>>>>>

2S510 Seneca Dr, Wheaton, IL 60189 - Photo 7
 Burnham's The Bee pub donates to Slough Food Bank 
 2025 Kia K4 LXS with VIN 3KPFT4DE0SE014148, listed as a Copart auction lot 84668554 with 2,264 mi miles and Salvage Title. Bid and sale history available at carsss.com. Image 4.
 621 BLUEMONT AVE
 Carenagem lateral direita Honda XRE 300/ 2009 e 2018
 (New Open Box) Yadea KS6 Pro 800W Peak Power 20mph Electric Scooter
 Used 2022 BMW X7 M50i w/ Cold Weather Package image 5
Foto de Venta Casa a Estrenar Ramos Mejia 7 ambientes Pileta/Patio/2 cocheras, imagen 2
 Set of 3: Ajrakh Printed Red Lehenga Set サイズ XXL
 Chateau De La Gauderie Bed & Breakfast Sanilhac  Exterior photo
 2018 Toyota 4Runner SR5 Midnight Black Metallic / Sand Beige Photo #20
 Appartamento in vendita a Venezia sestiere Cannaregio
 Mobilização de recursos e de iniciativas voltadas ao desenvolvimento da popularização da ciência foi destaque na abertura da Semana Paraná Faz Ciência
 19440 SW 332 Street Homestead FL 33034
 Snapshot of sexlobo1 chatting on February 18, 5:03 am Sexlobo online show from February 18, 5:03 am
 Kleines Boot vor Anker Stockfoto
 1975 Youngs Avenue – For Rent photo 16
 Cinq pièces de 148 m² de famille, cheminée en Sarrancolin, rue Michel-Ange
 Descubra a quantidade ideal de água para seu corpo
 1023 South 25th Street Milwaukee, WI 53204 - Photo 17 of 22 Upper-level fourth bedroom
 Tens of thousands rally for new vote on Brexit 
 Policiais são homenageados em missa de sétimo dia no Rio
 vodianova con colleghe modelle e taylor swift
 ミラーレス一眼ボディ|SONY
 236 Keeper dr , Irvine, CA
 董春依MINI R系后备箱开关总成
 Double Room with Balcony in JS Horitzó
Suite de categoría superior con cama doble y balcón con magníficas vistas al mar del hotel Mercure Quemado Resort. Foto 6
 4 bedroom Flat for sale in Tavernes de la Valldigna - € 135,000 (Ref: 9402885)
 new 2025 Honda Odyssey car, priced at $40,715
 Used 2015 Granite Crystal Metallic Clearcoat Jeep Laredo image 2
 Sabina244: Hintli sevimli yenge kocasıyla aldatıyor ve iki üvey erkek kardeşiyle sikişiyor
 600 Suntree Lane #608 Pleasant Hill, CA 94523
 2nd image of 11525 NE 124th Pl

<<<<<

→ **What you have to do**
In your answer, include only the lines above starting at the line that holds "2025 Kia K4" and ending at the line that holds "1023 South 25th", copied exactly.

→ **Exercise answer**
 2025 Kia K4 LXS with VIN 3KPFT4DE0SE014148, listed as a Copart auction lot 84668554 with 2,264 mi miles and Salvage Title. Bid and sale history available at carsss.com. Image 4.
 621 BLUEMONT AVE
 Carenagem lateral direita Honda XRE 300/ 2009 e 2018
 (New Open Box) Yadea KS6 Pro 800W Peak Power 20mph Electric Scooter
 Used 2022 BMW X7 M50i w/ Cold Weather Package image 5
Foto de Venta Casa a Estrenar Ramos Mejia 7 ambientes Pileta/Patio/2 cocheras, imagen 2
 Set of 3: Ajrakh Printed Red Lehenga Set サイズ XXL
 Chateau De La Gauderie Bed & Breakfast Sanilhac  Exterior photo
 2018 Toyota 4Runner SR5 Midnight Black Metallic / Sand Beige Photo #20
 Appartamento in vendita a Venezia sestiere Cannaregio
 Mobilização de recursos e de iniciativas voltadas ao desenvolvimento da popularização da ciência foi destaque na abertura da Semana Paraná Faz Ciência
 19440 SW 332 Street Homestead FL 33034
 Snapshot of sexlobo1 chatting on February 18, 5:03 am Sexlobo online show from February 18, 5:03 am
 Kleines Boot vor Anker Stockfoto
 1975 Youngs Avenue – For Rent photo 16
 Cinq pièces de 148 m² de famille, cheminée en Sarrancolin, rue Michel-Ange
 Descubra a quantidade ideal de água para seu corpo
 1023 South 25th Street Milwaukee, WI 53204 - Photo 17 of 22 Upper-level fourth bedroom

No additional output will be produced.